=== Begin Enclosure ===
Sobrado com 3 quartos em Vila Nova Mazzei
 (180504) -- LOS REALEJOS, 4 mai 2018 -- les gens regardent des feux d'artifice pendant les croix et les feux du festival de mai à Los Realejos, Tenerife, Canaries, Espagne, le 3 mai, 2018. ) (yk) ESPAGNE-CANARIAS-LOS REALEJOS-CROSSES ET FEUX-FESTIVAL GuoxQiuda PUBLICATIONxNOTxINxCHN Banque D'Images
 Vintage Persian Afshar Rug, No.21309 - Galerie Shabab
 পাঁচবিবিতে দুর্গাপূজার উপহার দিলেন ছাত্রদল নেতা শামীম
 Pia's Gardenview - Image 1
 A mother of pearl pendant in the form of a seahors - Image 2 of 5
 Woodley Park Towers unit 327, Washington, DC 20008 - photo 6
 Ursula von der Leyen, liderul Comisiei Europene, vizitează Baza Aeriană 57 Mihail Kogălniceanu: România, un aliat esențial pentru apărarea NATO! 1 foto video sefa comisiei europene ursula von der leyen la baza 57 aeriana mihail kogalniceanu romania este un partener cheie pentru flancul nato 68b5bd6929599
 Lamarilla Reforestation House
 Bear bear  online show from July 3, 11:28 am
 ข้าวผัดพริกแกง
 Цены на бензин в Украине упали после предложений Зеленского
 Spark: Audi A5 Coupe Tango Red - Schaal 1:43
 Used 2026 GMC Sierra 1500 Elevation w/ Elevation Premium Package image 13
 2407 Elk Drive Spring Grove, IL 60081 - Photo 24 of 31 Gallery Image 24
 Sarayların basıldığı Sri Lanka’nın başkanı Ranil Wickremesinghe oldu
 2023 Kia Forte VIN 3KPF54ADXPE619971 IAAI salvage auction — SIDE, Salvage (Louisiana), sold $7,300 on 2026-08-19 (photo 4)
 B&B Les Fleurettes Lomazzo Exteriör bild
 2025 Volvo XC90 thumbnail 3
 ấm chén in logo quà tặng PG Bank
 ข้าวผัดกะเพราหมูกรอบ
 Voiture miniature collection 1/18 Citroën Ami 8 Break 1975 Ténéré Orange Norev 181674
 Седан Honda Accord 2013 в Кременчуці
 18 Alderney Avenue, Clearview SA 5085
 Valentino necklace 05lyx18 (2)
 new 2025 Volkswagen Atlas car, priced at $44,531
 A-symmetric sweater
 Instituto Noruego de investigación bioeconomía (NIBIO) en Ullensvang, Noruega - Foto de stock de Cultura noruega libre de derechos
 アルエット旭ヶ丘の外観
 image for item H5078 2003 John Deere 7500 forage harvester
=== End Enclosure ===
Problem requirements
Exact copies are needed of the line with "Used 2026 GMC" and each line after it through the end of the material above.

Response to the exercise
 Used 2026 GMC Sierra 1500 Elevation w/ Elevation Premium Package image 13
 2407 Elk Drive Spring Grove, IL 60081 - Photo 24 of 31 Gallery Image 24
 Sarayların basıldığı Sri Lanka’nın başkanı Ranil Wickremesinghe oldu
 2023 Kia Forte VIN 3KPF54ADXPE619971 IAAI salvage auction — SIDE, Salvage (Louisiana), sold $7,300 on 2026-08-19 (photo 4)
 B&B Les Fleurettes Lomazzo Exteriör bild
 2025 Volvo XC90 thumbnail 3
 ấm chén in logo quà tặng PG Bank
 ข้าวผัดกะเพราหมูกรอบ
 Voiture miniature collection 1/18 Citroën Ami 8 Break 1975 Ténéré Orange Norev 181674
 Седан Honda Accord 2013 в Кременчуці
 18 Alderney Avenue, Clearview SA 5085
 Valentino necklace 05lyx18 (2)
 new 2025 Volkswagen Atlas car, priced at $44,531
 A-symmetric sweater
 Instituto Noruego de investigación bioeconomía (NIBIO) en Ullensvang, Noruega - Foto de stock de Cultura noruega libre de derechos
 アルエット旭ヶ丘の外観
 image for item H5078 2003 John Deere 7500 forage harvester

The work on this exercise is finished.